[Work order]
With pictures left out, retype the lines from the start of the records through the one that contains "For example, McGregor—I".

[The input Boundary: Start]

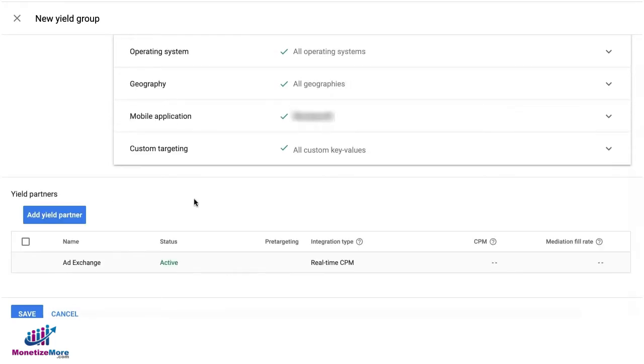Once this app is whitelisted to run exchange bidding or other managed demand, you can go ahead and go back to this same Yield Group.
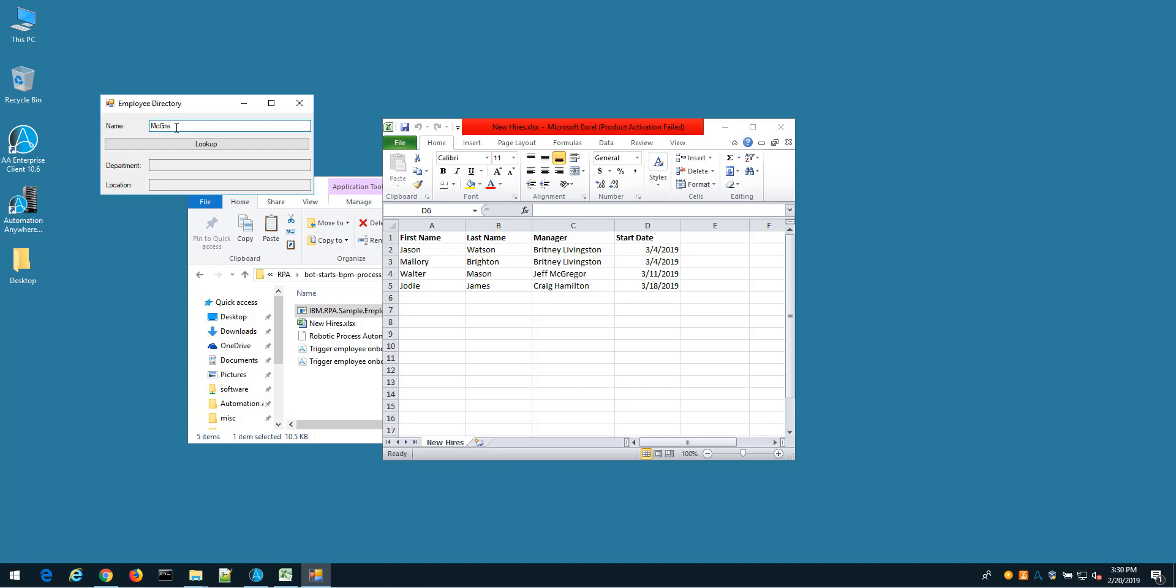For example, McGregor—I click lookup and I see that it's this department and this location. Now I have to do that and copy and paste that into my spreadsheet for every single new hire that shows up, and then I have to manually start my workflow in order to pass it downstream to other participants in the process.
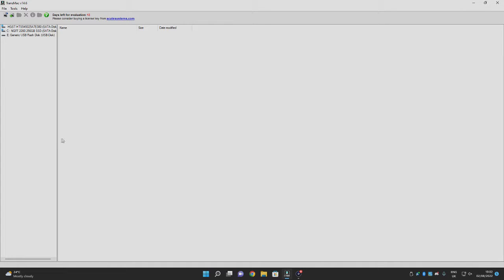Today I'm going to be teaching you how to use TransMac. TransMac is a piece of software that allows you to view HFS or Apple partitions on a Windows computer. You can't view APFS or pretty much any Mac-partitioned USB or drive on Windows, although on macOS you can view and write data to NTFS. Due to licensing, you can't really add APFS support to Windows, which is a bit of a bummer.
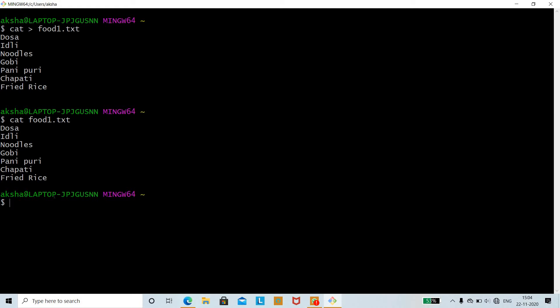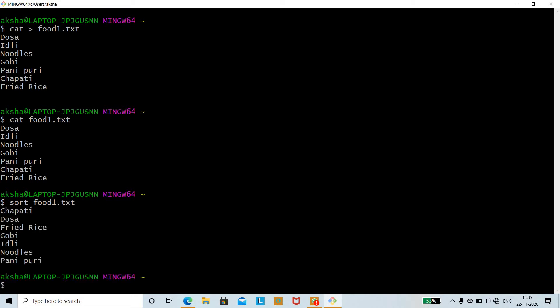Now we shall see the basic usage of the sort command. Using 'sort food1.txt' will sort the contents alphabetically. Since we gave character data, it sorts alphabetically — chapati first (C), then D, F, G, I, P. If names start with the same letter, it checks the second letter and so on, printing everything in alphabetical order.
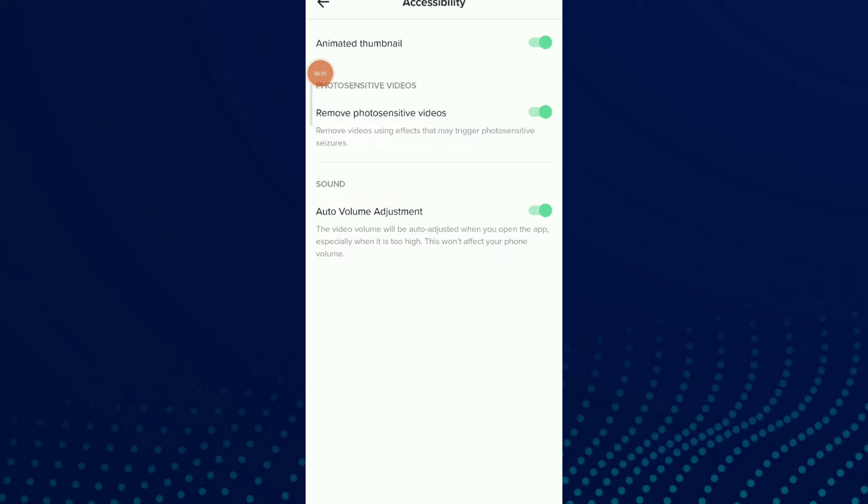you can find auto volume adjustment. This video volume will be auto adjusted when you are opening videos. This won't affect your phone volume. Just click on it and you can turn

[The input Boundary: End]

[Result below]
Once this app is whitelisted to run exchange bidding or other managed demand, you can go ahead and go back to this same Yield Group.
For example, McGregor—I click lookup and I see that it's this department and this location. Now I have to do that and copy and paste that into my spreadsheet for every single new hire that shows up, and then I have to manually start my workflow in order to pass it downstream to other participants in the process.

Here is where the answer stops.